*Your assignment*
Set out exactly, line by line, the stretch of data below that begins at the line containing "Range Vest Size chart Range Vest Size chart" and ends at the line containing "Freshgrown Texas Super", with both ends kept.

*Data for this exercise*
>>>>

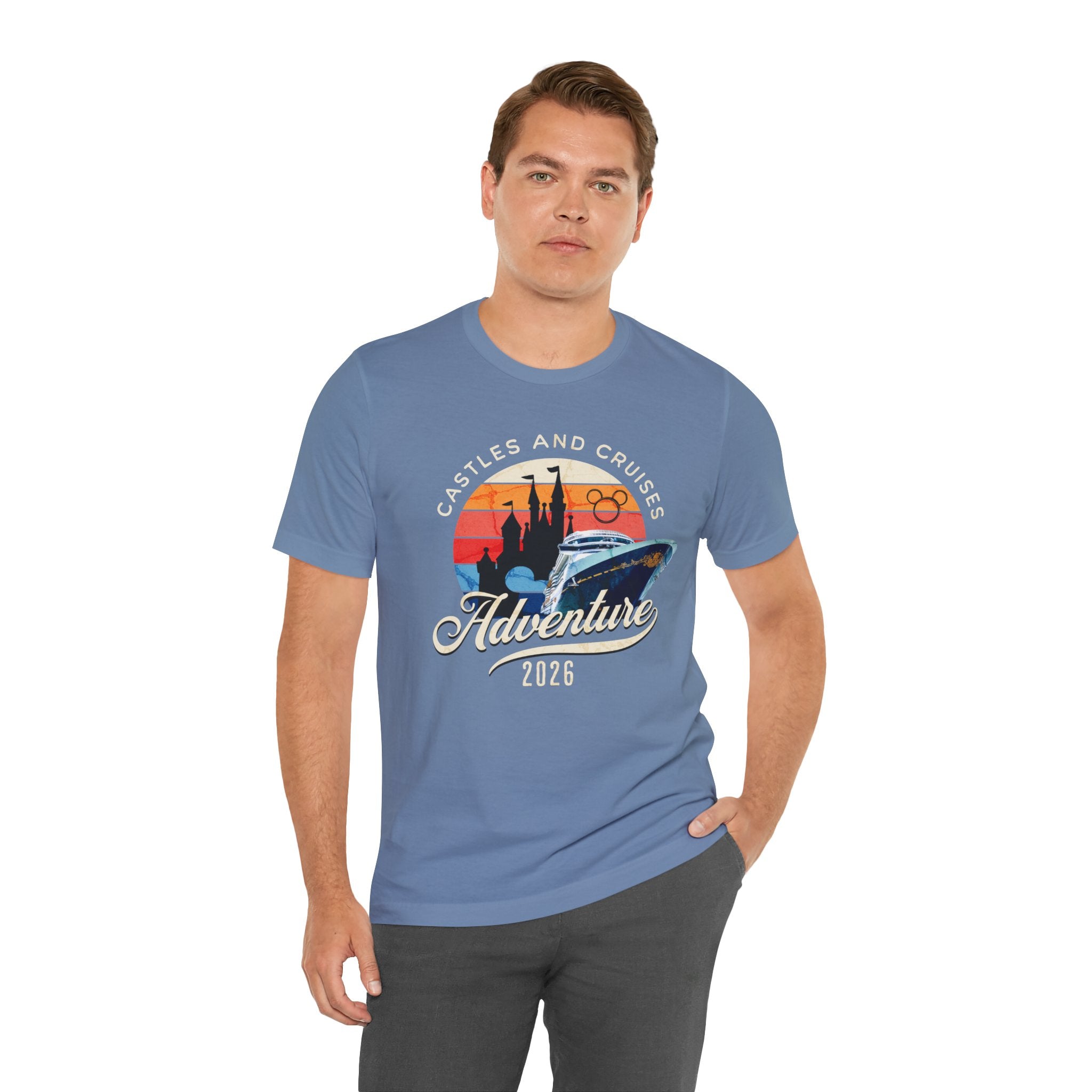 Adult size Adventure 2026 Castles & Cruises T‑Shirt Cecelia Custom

<<<<
>>>>

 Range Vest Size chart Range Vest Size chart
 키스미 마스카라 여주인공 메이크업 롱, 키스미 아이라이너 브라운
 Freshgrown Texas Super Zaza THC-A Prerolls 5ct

<<<<
>>>>

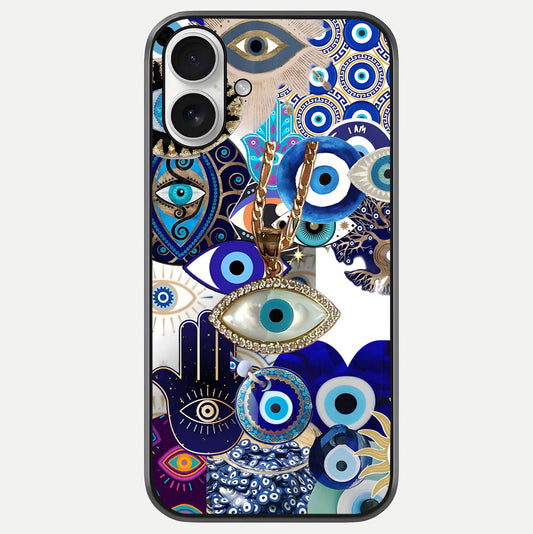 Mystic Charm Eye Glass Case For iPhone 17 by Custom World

<<<<

*Task result*
 Range Vest Size chart Range Vest Size chart
 키스미 마스카라 여주인공 메이크업 롱, 키스미 아이라이너 브라운
 Freshgrown Texas Super Zaza THC-A Prerolls 5ct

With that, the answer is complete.